▸ EXERCISE:
Quote, word for word, only the lines running from the line with "Paulo Sérgio na Câmara" through the end of the listing. Leave out the pictures.

BEGIN THE DATA

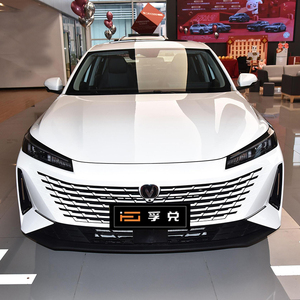 La migliore vendita al mondo di veicoli a benzina Changan Lamore Yida 5 posti 2021 2022 2025 usato auto elettrica per adulti nuova auto in vendita - Product Image 3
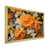 Gold Single Picture Framed
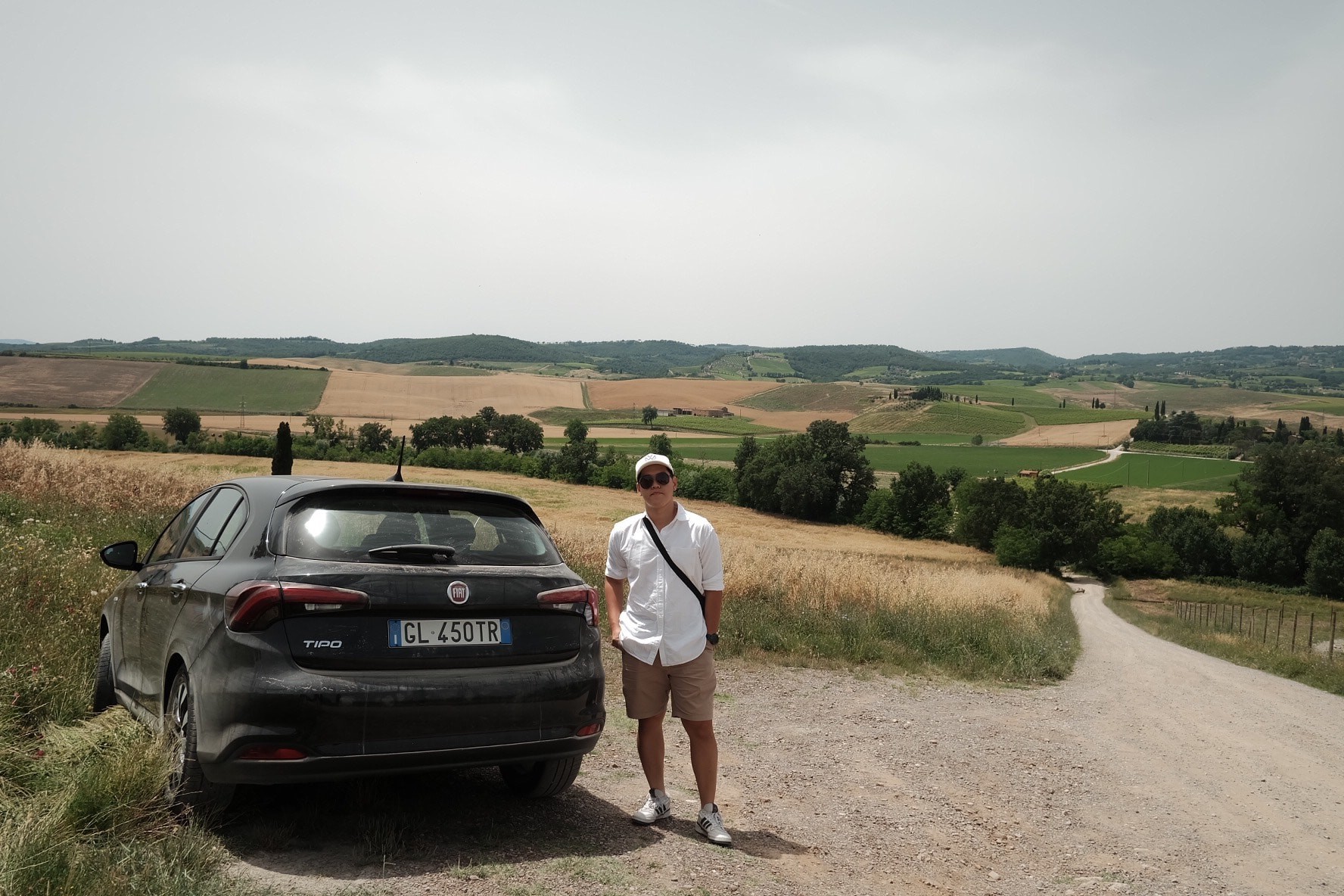 Trải nghiệm thuê xe và tự lái xe ở Ý (phần 1) Trải nghiệm thuê xe và tự lái xe ở Ý (phần 1)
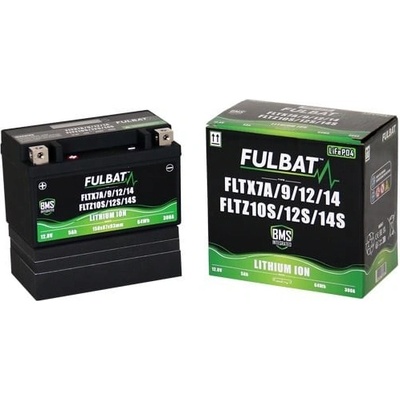 Fulbat FLTZ14S, YTZ14S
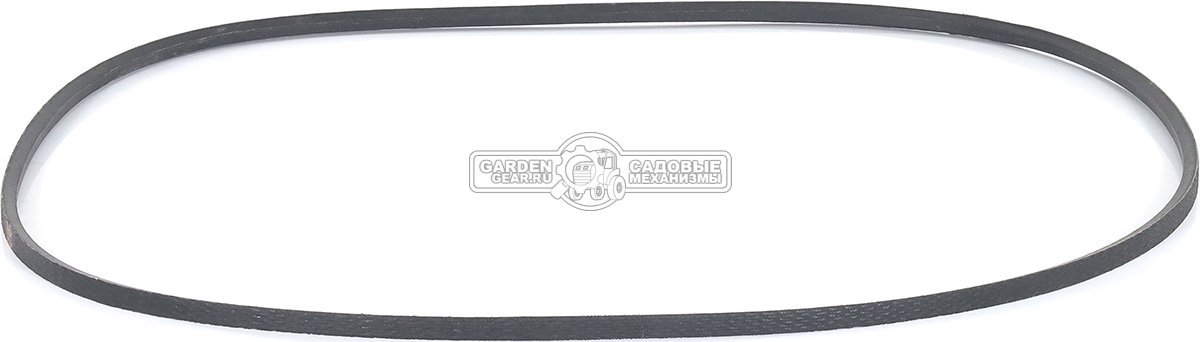 Ремень Husqvarna Li 2050+-8 для райдеров R 316TX / R 316TX AWD от промежуточного шкива к щетке, снегоуборщику, цеповой косилке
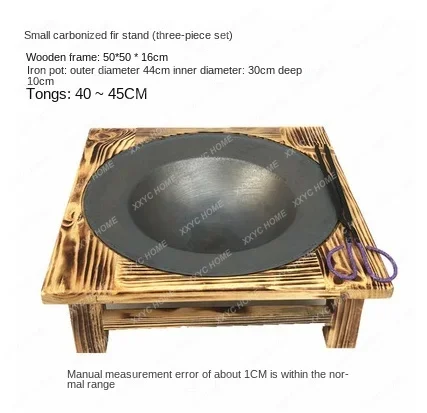 Brasoir solide pour la maison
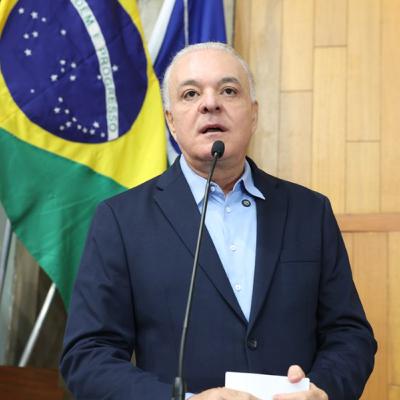Paulo Sérgio na Câmara
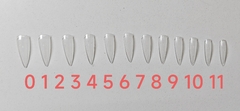 TIPS SOFT GEL CHARM LIMIT STILETTO 48U 68719 - comprar online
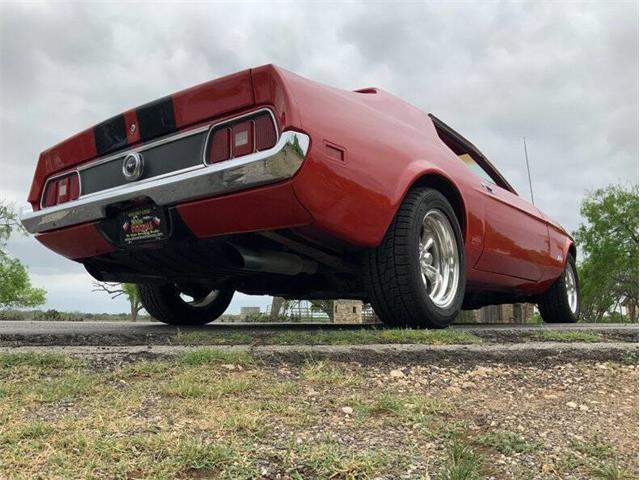 1972 Ford Mustang (CC-2062172) for sale in Fredericksburg, Texas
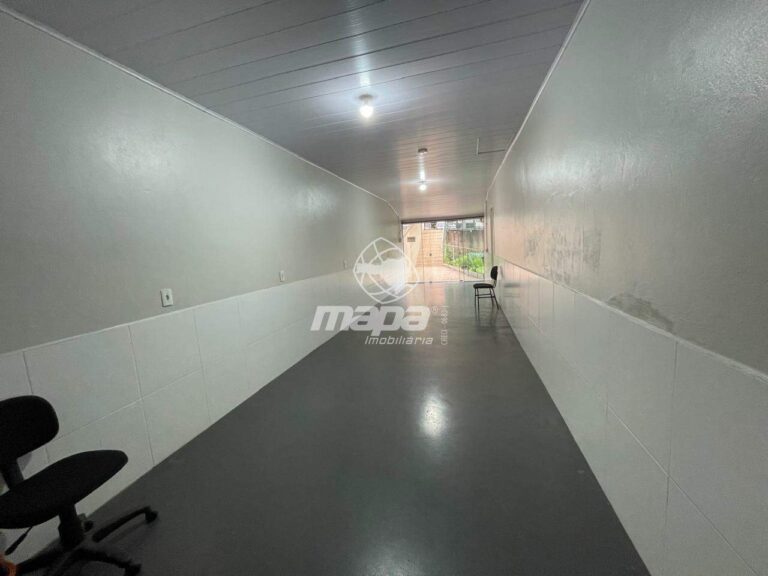 Sala Comercial para aluguel no Água Verde: Sala Comercial Verso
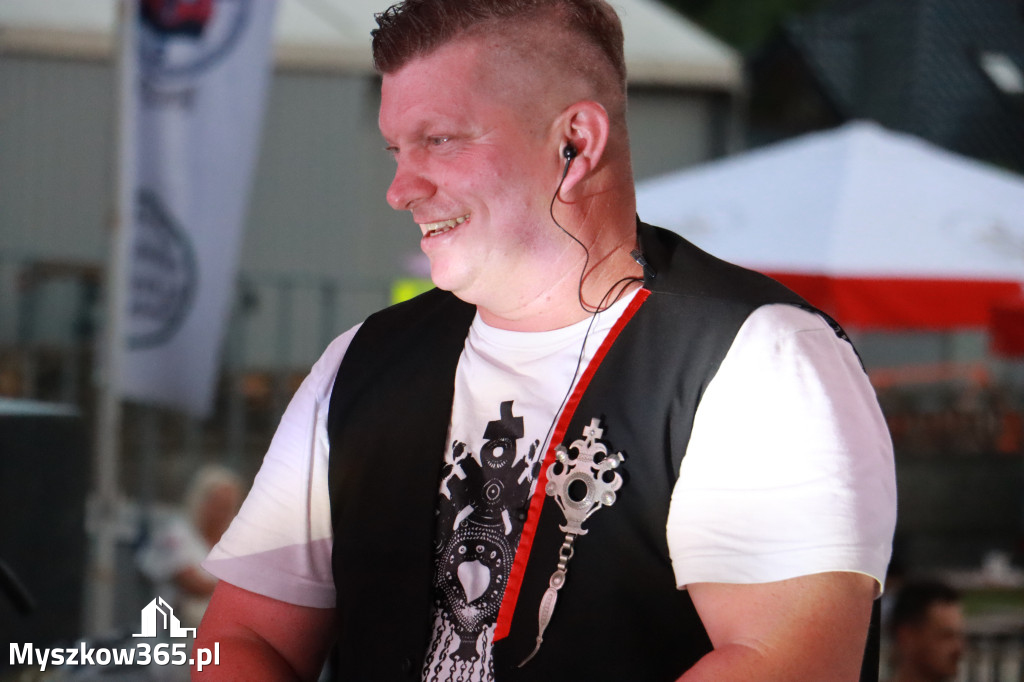 Fotorelacja III: Koziegłowy w rytmach tańca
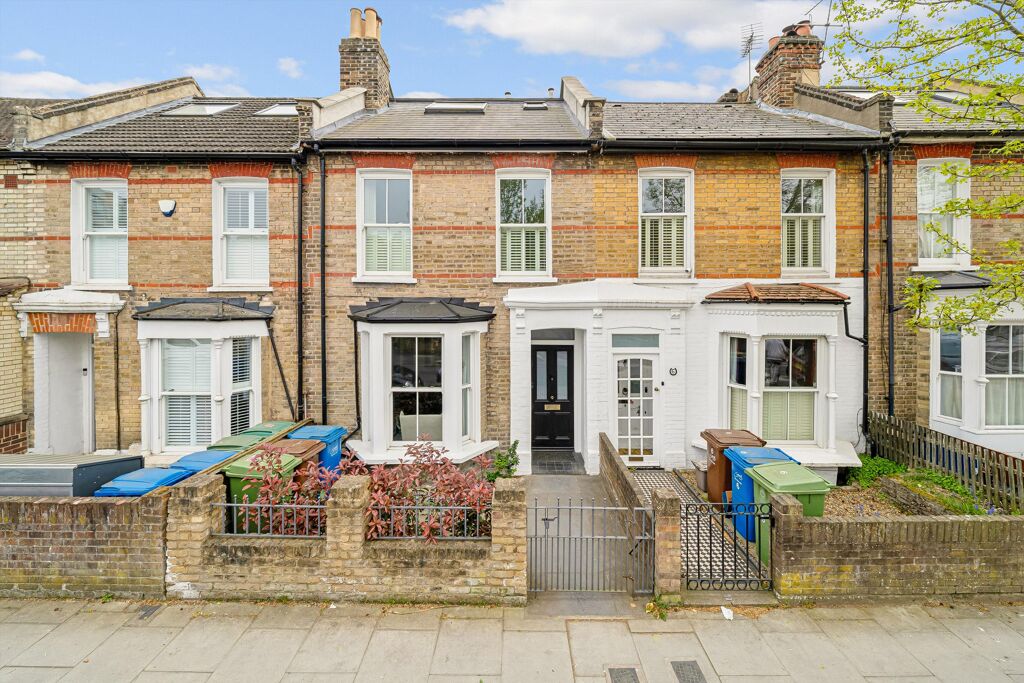 Image of Chesterfield Grove, London SE22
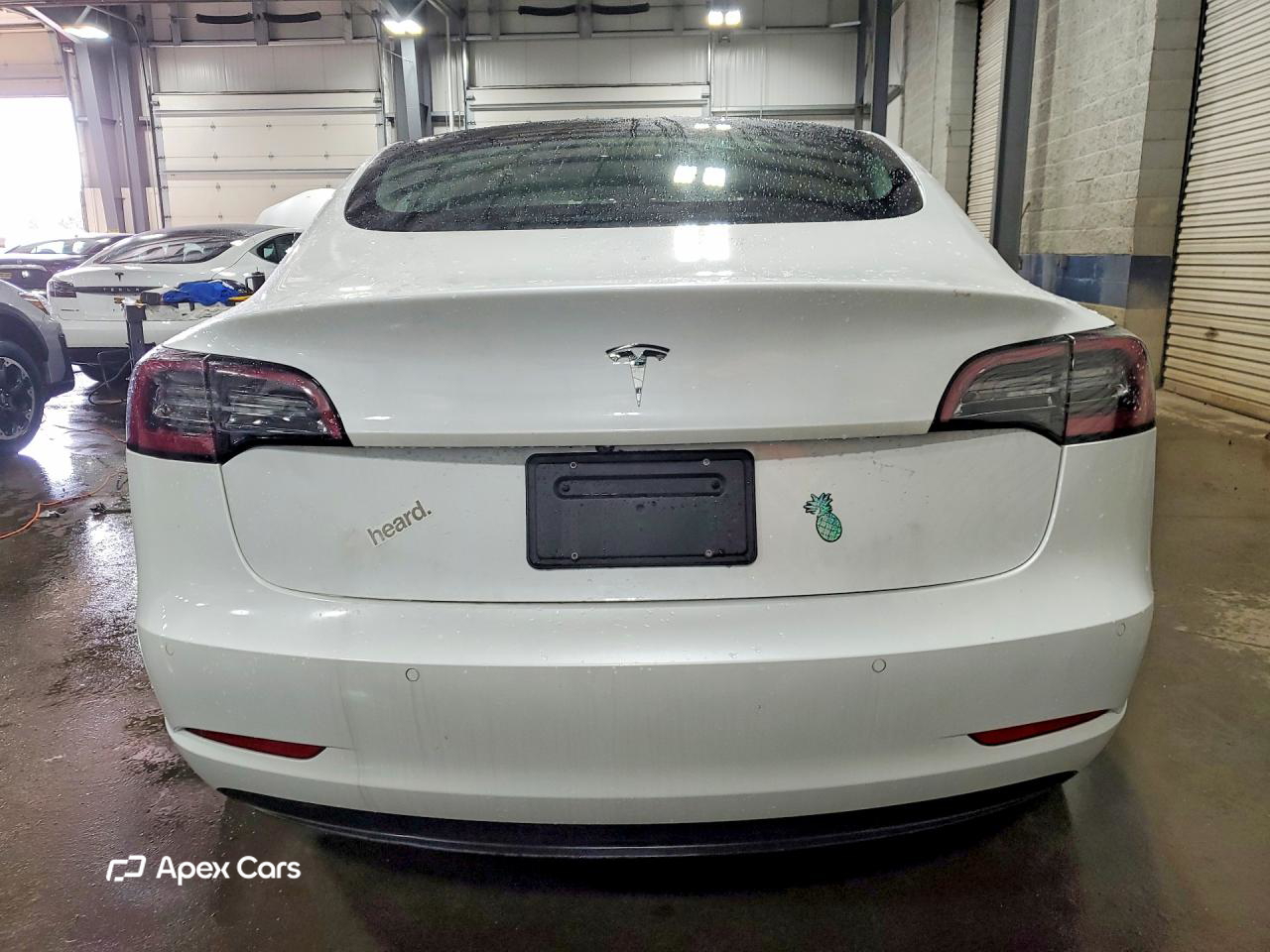 Tesla Model 3 2020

END THE DATA

▸ EXERCISE RESPONSE:
Paulo Sérgio na Câmara
 TIPS SOFT GEL CHARM LIMIT STILETTO 48U 68719 - comprar online
 1972 Ford Mustang (CC-2062172) for sale in Fredericksburg, Texas
 Sala Comercial para aluguel no Água Verde: Sala Comercial Verso
 Fotorelacja III: Koziegłowy w rytmach tańca
 Image of Chesterfield Grove, London SE22
 Tesla Model 3 2020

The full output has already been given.